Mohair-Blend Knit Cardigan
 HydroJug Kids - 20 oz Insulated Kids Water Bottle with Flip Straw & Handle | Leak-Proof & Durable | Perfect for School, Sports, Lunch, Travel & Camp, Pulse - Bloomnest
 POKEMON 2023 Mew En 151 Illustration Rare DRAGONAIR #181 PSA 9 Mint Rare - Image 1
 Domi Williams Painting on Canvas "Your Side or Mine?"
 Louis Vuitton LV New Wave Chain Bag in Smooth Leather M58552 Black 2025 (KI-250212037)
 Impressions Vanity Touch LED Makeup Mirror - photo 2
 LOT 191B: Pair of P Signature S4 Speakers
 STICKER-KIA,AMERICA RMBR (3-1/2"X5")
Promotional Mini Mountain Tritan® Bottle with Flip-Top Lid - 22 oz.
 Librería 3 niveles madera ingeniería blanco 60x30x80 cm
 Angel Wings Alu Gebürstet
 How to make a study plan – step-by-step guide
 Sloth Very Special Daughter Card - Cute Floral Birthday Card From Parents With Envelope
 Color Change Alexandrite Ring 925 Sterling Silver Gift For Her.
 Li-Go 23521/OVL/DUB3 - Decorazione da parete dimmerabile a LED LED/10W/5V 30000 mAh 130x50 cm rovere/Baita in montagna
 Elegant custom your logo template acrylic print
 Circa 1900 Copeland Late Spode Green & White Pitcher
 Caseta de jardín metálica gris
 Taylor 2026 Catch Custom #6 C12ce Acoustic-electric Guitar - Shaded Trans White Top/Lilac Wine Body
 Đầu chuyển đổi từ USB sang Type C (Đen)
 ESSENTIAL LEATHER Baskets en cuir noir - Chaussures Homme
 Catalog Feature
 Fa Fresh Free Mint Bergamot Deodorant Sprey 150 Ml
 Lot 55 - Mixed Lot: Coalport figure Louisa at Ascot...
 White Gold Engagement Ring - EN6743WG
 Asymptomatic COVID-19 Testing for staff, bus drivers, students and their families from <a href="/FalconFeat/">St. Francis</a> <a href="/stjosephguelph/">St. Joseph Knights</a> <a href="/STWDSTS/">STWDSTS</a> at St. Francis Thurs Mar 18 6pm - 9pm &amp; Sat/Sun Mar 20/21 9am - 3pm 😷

*EXERCISE OBJECTIVE:*
In the entries above, how many lines hold the word "Bottle"? Answer with the number only.

*TASK ANSWER:*
2